The Liberal Party was mired in internal controversy last year, which continued to dog Guy during the final days of the campaign, including a Liberal donor scandal, growing tensions between Guy and party headquarters, and the resignation of the senior in-house lawyer a month before polling day.
But in an unusual move that has drawn the ire of senior Victorian Liberal MPs, Mirabella refused to hold a comprehensive formal post-mortem of the election because he believed reviews were often ignored, and the federal election review had just been handed down.
Liberal MP James Newbury lambasted Greg Mirabella’s report into the state election. Credit:Joe Armao
His report, which was presented to the federal executive at a meeting on Thursday night, said that while Andrews was highly polarising, Guy was more disliked. Mirabella described the election strategy as “relentlessly negative” and “wrong and counterproductive”, and said the media strategy in the final weeks of the campaign gave voters nothing to vote for and “no reason or moral permission to vote Liberal”.
Liberal MP James Newbury lambasted the Victorian president’s approach to not conduct a formal review and accused the party of burying its head in the sand in a strongly worded email to Mirabella, Guy, Opposition Leader John Pesutto and parliamentary colleagues.
At an administrative committee meeting in December, Newbury opposed Mirabella’s motion to not conduct a formal review, saying he believed private reviews “would not be founded in truth, and feared it could be hijacked by self-serving politics and factionalism”.
In his email to colleagues, the Brighton MP said Mirabella did not speak to senior campaign officials or state MPs before arriving at his conclusion.
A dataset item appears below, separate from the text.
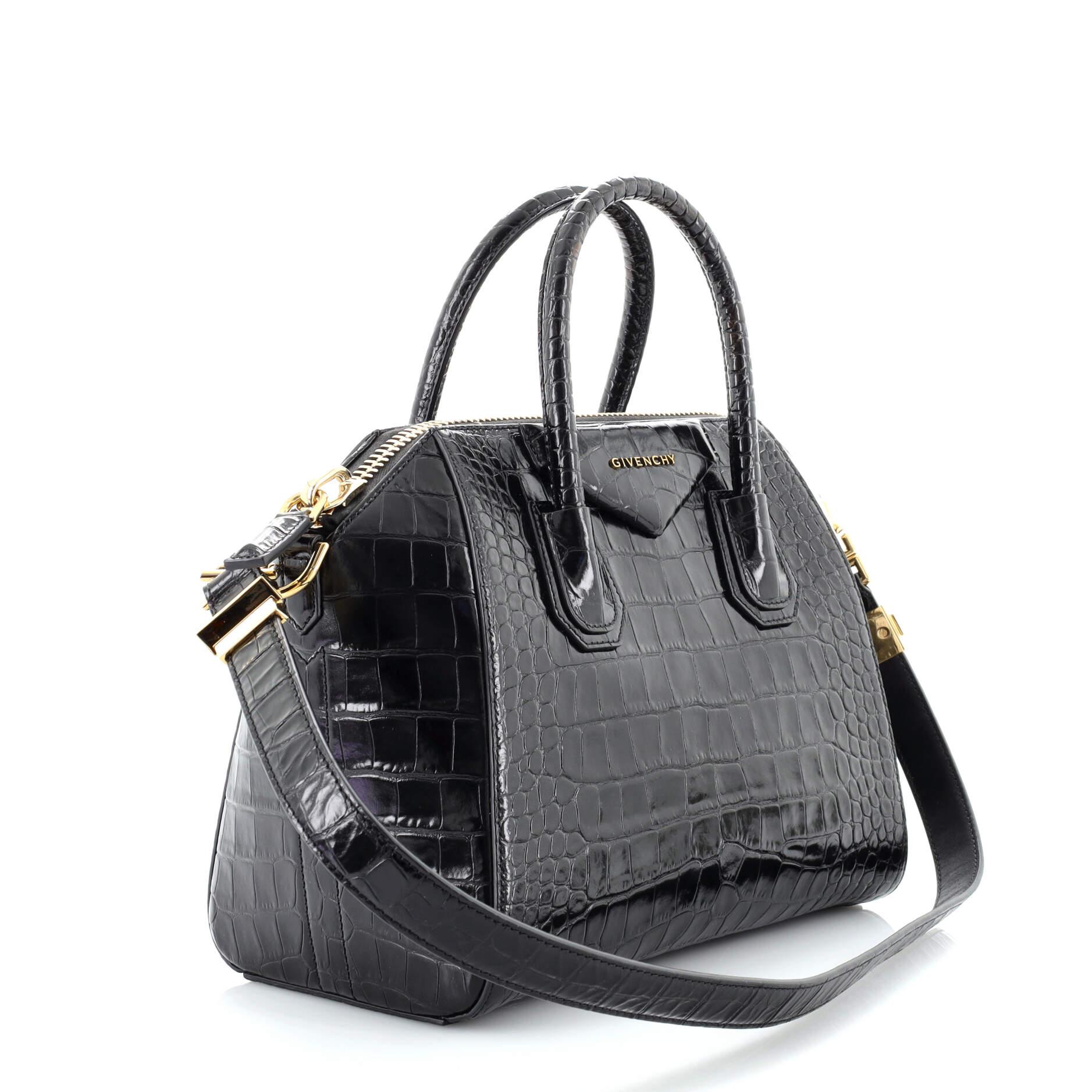 Black Givenchy Antigona Bag Crocodile Embossed Leather Small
“Our party room and the party are deeply disturbed by the trend of the Liberal Party vote and the recent state and federal election results, which I have publicly described as an existential crisis,” Newbury stated in his email, seen by The Age.
“Our party room is working on learning from the state election result in a constructive way. The federal team are working constructively too – especially in light of the imminent byelection, which has now been unnecessarily overshadowed by reports of internal party issues. Put simply, the reports today will have a destructive effect on the Liberal Party.”
The reports in The Age, Newbury said, perpetuated the view that the Liberal Party was internally divided. He said Mirabella’s “so-called report lacked depth” and did not address the deeper problems facing the centre-right party.
He said the party had failed to appeal to the growing cohort of young voters, and ensure moderate Liberals voting for the teals were preferencing the Liberal Party ahead of Labor. Newbury said the party should learn from Labor’s success at holding onto a “de-facto coalition through militant preferencing” when progressive Labor voters shifted to the Greens.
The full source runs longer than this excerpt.